RESULT_HANDLER.read(result_locations[1100]).value)

and was able to deserialize the data just fine. Not sure where the disconnect is happening where the result locations become None somehow.

Sam Cook

08/20/2021, 1:33 PM

Try changing your dask scheduler from

threads

processes

. I've found on k8s infra that if your worker thread count exceeds your cpu allocation then the threads can randomly fail in unexpected ways over large maps using local dask. Switchign to processes has helped alleviate this, in my experience

👍 2

Alex Furrier

08/20/2021, 3:02 PM

@Sam Cook Thanks for the tip I'll try that.

Alex Furrier

08/20/2021, 3:04 PM

I think the root issue is that something is causing the graphQL endpoint to crash. I switched to using Dask processes and during a flow run graphql crashed. That in turn seemed to cause some tasks to fail with these logs:

Copy code

Failed to retrieve task state with error: ClientError([{'message': 'Unable to complete operation. An internal API error occurred.', 'locations': [{'line': 2, 'column': 5}], 'path': ['get_or_create_task_run_info'], 'extensions': {'code': 'INTERNAL_SERVER_ERROR', 'exception': {'message': 'Unable to complete operation.
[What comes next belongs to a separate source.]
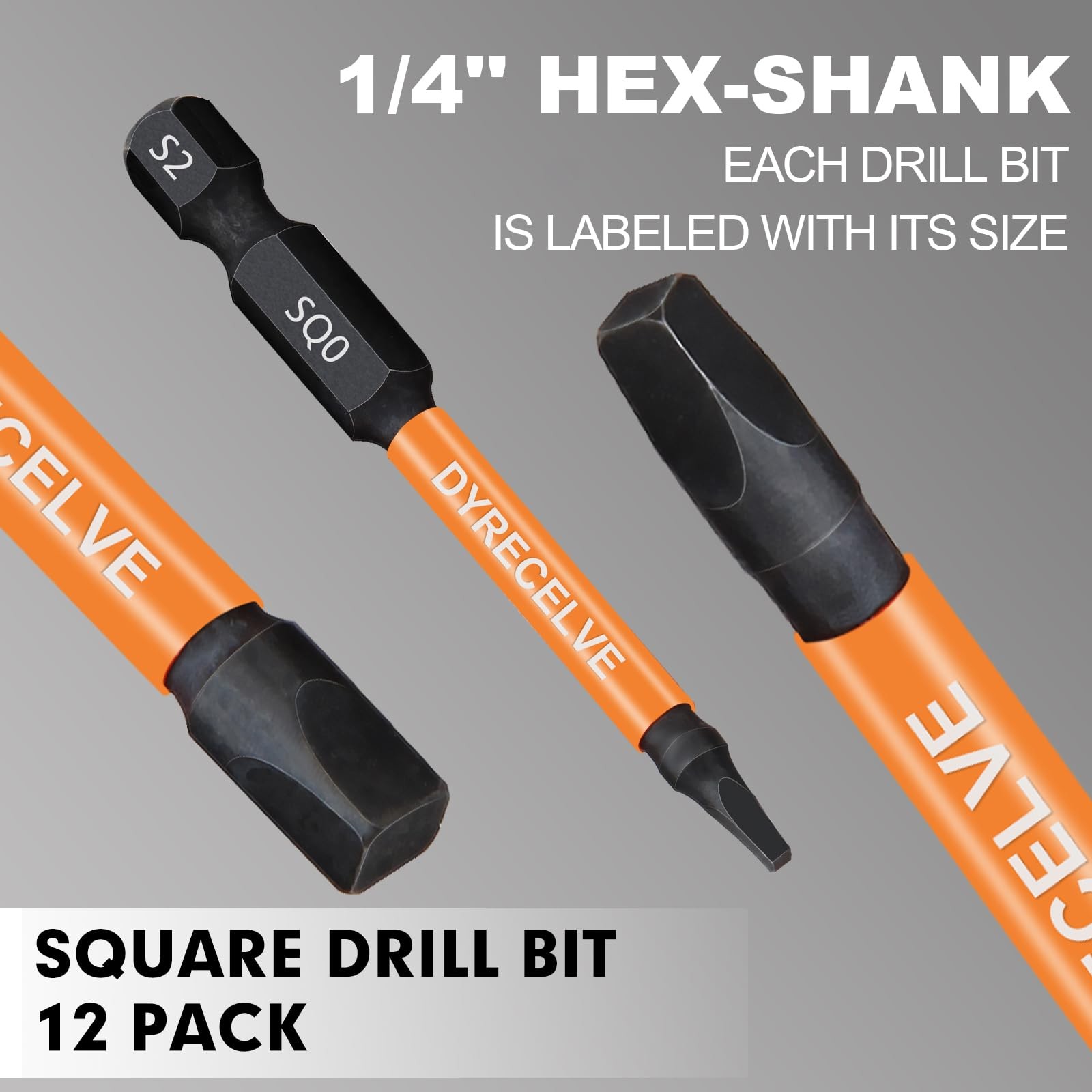 12-Pack Square Drive Bits- PREMIUM S2 Alloy Steel Square Bit Set Magnetic Hea…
An internal API error occurred.'}}}])
Traceback (most recent call last):
  File "/opt/conda/lib/python3.8/site-packages/prefect/engine/cloud/task_runner.py", line 154, in initialize_run
    task_run_info = self.client.get_task_run_info(
  File "/opt/conda/lib/python3.8/site-packages/prefect/client/client.py", line 1728, in get_task_run_info
    result = self.graphql(mutation)  # type: Any
  File "/opt/conda/lib/python3.8/site-packages/prefect/client/client.py", line 565, in graphql
    raise ClientError(result["errors"])
prefect.exceptions.ClientError: [{'message': 'Unable to complete operation. An internal API error occurred.', 'locations': [{'line': 2, 'column': 5}], 'path': ['get_or_create_task_run_info'], 'extensions': {'code': 'INTERNAL_SERVER_ERROR', 'exception': {'message': 'Unable to complete operation. An internal API error occurred.'}}}]
07:58:25
INFO
CloudTaskRunner

Alex Furrier

08/20/2021, 4:53 PM

Trying to investigate what's going wrong. There is a log in the graphql that looks like it might be related to the mapped task breaking:

Copy code

GraphQL request:2:3
1 | {
2 |   mapped_children(task_run_id: "1af93162-0606-4418-8dcd-8715c36fa3ae") {
  |   ^
3 |     max_end_time
Traceback (most recent call last):
  File "/usr/local/lib/python3.7/site-packages/graphql/execution/execute.py", line 628, in await_result
    return await result
  File "/prefect-server/src/prefect_server/graphql/extensions.py", line 52, in resolve
    result = await result
  File "/prefect-server/src/prefect_server/graphql/runs.py", line 78, in resolve_mapped_children
    records = await connection.fetch(query, task_run_id, timeout=0.5)
  File "/usr/local/lib/python3.7/site-packages/asyncpg/connection.py", line 443, in fetch
    return await self._execute(query, args, 0, timeout)
  File "/usr/local/lib/python3.7/site-packages/asyncpg/connection.py", line 1446, in _execute
    query, args, limit, timeout, return_status=return_status)
  File "/usr/local/lib/python3.7/site-packages/asyncpg/connection.py", line 1454, in __execute
    return await self._do_execute(query, executor, timeout)
  File "/usr/local/lib/python3.7/site-packages/asyncpg/connection.py", line 1479, in _do_execute
    result = await executor(stmt, timeout)
  File "asyncpg/protocol/protocol.pyx", line 196, in bind_execute
concurrent.futures._base.TimeoutError

The above exception was the direct cause of the following exception:

Traceback (most recent call last):
  File "/usr/local/lib/python3.7/site-packages/graphql/execution/execute.py", line 674, in await_completed
    return await completed
  File "/usr/local/lib/python3.7/site-packages/graphql/execution/execute.py", line 659, in await_result
    return_type, field_nodes, info, path, await result
  File "/usr/local/lib/python3.7/site-packages/graphql/execution/execute.py", line 733, in complete_value
    raise result
  File "/usr/local/lib/python3.7/site-packages/graphql/execution/execute.py", line 628, in await_result
    return await result
  File "/prefect-server/src/prefect_server/graphql/extensions.py", line 52, in resolve
    result = await result
  File "/prefect-server/src/prefect_server/graphql/runs.py", line 78, in resolve_mapped_children
    records = await connection.fetch(query, task_run_id, timeout=0.5)
  File "/usr/local/lib/python3.7/site-packages/asyncpg/connection.py", line 443, in fetch
    return await self._execute(query, args, 0, timeout)
  File "/usr/local/lib/python3.7/site-packages/asyncpg/connection.py", line 1446, in _execute
    query, args, limit, timeout, return_status=return_status)
  File "/usr/local/lib/python3.7/site-packages/asyncpg/connection.py", line 1454, in __execute
    return await self._do_execute(query, executor, timeout)
  File "/usr/local/lib/python3.7/site-packages/asyncpg/connection.py", line 1479, in _do_execute
    result = await executor(stmt, timeout)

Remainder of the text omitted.